(Dataset records Opens)

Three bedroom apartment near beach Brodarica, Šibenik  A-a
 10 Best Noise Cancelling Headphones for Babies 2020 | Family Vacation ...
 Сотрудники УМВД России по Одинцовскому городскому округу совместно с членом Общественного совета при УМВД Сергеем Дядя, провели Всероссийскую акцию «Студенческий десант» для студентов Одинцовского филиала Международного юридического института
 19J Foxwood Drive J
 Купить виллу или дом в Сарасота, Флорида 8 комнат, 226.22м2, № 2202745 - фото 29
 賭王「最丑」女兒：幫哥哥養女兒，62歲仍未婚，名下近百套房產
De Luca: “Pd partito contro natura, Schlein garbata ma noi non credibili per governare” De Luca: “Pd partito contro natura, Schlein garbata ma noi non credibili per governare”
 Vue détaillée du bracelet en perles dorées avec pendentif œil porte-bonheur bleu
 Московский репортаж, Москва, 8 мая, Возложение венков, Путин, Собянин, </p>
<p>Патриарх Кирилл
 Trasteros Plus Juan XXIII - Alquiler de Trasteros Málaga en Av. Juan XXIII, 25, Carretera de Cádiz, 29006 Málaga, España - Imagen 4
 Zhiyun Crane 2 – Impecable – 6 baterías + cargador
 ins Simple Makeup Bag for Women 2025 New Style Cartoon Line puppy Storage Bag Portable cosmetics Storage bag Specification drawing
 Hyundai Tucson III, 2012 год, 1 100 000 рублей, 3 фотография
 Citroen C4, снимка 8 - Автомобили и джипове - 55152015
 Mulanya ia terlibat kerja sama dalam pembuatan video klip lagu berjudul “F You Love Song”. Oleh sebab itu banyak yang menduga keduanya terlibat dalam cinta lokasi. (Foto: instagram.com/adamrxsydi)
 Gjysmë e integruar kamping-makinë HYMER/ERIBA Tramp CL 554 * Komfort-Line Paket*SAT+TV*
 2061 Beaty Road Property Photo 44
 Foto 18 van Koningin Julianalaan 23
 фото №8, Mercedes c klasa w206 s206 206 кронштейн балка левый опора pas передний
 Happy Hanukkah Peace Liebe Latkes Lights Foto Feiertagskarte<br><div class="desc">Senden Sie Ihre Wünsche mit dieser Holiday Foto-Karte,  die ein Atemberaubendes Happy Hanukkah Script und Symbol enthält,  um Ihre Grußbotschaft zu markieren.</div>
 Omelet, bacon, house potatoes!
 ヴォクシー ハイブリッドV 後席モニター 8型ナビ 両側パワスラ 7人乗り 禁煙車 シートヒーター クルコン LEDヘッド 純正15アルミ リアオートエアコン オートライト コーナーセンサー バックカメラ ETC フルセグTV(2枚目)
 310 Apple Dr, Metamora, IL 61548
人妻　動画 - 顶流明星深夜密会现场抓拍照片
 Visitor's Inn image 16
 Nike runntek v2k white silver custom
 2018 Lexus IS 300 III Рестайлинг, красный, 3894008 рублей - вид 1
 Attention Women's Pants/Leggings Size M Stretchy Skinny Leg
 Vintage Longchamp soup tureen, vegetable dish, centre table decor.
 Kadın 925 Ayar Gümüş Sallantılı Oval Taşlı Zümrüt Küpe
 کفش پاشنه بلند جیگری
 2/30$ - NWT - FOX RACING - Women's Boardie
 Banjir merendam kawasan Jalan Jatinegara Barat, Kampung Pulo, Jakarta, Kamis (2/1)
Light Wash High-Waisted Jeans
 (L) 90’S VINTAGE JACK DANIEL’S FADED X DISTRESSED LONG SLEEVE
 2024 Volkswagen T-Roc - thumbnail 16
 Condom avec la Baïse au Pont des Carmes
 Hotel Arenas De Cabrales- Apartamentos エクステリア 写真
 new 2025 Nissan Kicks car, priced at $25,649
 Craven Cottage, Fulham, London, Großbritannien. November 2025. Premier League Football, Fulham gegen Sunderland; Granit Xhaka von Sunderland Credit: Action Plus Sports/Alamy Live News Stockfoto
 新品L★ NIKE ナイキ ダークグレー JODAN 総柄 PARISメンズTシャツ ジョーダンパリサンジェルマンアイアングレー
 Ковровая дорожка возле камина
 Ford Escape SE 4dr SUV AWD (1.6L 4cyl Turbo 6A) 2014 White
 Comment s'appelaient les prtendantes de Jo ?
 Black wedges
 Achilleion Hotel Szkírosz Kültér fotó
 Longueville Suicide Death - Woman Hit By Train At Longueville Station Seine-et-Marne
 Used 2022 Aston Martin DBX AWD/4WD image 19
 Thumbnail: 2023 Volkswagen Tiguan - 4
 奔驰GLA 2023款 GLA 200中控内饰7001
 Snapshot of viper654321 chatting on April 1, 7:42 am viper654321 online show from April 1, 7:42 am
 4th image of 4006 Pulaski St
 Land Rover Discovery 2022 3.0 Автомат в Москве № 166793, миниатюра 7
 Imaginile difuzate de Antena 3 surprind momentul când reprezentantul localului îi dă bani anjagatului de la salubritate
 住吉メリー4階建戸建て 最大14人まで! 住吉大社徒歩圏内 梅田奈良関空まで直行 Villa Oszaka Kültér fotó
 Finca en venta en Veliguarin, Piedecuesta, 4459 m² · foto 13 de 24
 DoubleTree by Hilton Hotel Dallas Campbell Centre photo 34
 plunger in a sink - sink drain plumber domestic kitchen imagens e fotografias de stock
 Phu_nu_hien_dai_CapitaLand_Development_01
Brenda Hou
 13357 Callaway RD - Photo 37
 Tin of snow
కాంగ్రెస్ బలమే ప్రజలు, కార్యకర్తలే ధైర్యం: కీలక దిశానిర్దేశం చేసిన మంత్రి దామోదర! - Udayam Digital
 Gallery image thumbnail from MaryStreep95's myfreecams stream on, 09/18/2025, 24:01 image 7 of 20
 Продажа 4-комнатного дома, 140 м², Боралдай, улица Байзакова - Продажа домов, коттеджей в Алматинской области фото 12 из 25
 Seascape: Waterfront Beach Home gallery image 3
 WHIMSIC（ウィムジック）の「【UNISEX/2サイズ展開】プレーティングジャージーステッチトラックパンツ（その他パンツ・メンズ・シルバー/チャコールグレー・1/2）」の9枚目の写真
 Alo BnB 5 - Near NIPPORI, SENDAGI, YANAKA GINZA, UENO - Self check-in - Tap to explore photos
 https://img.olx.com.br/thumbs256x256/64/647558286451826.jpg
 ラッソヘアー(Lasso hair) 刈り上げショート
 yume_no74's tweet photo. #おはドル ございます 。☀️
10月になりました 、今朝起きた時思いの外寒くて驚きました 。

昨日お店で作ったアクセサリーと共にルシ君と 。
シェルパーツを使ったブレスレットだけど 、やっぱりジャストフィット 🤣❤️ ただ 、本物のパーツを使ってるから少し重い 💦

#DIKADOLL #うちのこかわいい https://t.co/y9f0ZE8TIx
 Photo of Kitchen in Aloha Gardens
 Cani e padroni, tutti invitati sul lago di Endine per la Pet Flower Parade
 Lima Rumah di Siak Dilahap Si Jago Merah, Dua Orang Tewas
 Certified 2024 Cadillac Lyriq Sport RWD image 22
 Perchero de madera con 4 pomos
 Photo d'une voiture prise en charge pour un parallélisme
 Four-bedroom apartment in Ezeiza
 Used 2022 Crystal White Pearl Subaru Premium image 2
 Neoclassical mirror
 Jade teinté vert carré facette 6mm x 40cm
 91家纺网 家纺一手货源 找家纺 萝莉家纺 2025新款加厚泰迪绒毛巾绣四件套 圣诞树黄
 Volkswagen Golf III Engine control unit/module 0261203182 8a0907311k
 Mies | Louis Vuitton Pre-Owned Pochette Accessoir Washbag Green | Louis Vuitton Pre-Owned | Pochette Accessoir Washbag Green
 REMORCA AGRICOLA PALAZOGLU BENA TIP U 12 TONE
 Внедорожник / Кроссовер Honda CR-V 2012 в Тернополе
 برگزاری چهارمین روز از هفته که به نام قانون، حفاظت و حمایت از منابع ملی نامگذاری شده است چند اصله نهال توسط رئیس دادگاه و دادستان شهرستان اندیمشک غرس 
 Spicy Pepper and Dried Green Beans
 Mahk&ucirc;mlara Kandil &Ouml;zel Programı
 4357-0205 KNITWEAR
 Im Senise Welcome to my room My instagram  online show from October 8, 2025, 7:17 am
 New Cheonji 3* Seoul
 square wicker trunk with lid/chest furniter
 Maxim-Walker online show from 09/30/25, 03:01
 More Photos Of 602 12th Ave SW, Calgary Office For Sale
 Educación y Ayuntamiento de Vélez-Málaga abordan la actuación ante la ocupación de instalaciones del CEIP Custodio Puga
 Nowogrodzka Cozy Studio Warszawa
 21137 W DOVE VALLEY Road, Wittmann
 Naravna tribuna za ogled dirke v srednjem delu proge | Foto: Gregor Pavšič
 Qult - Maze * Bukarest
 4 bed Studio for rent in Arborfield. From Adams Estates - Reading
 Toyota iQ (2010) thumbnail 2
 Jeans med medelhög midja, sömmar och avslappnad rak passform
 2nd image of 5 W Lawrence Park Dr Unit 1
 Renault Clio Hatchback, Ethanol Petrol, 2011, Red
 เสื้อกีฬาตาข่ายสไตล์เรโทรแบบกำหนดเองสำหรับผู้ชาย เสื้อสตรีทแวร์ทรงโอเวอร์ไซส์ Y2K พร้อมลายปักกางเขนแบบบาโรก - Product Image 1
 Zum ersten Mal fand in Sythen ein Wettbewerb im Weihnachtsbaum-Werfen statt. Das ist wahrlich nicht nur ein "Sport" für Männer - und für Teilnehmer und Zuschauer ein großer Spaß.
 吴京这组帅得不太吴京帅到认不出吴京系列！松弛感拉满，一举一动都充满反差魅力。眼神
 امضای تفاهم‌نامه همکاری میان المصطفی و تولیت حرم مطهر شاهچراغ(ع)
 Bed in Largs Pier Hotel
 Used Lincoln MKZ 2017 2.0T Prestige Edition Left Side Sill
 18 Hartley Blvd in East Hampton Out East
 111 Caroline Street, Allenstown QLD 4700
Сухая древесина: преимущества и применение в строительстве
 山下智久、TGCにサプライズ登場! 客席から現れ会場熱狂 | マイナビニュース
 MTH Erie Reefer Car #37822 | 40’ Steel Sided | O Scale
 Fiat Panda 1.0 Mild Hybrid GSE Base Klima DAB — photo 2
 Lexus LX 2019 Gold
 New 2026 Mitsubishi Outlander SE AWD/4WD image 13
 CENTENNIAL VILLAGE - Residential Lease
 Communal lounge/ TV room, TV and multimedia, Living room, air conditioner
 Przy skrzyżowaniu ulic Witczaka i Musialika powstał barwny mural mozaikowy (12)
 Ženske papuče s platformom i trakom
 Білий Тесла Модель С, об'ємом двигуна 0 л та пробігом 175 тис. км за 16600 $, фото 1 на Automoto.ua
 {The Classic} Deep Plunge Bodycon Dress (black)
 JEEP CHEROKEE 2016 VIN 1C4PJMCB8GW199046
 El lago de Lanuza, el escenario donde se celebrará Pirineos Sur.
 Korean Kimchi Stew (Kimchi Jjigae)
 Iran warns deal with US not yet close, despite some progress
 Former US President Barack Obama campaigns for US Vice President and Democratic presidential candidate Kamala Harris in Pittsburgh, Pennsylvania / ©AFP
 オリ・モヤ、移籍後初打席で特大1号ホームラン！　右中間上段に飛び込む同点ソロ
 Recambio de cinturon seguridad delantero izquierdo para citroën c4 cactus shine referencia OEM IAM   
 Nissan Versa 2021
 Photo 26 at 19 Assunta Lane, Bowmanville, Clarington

(Dataset records Closes)

▸ **Exercise objective**
All lines from the one containing "Recambio de cinturon" to the end of the records are to be duplicated exactly, and no other lines are to be given.

▸ **Your solution**
 Recambio de cinturon seguridad delantero izquierdo para citroën c4 cactus shine referencia OEM IAM   
 Nissan Versa 2021
 Photo 26 at 19 Assunta Lane, Bowmanville, Clarington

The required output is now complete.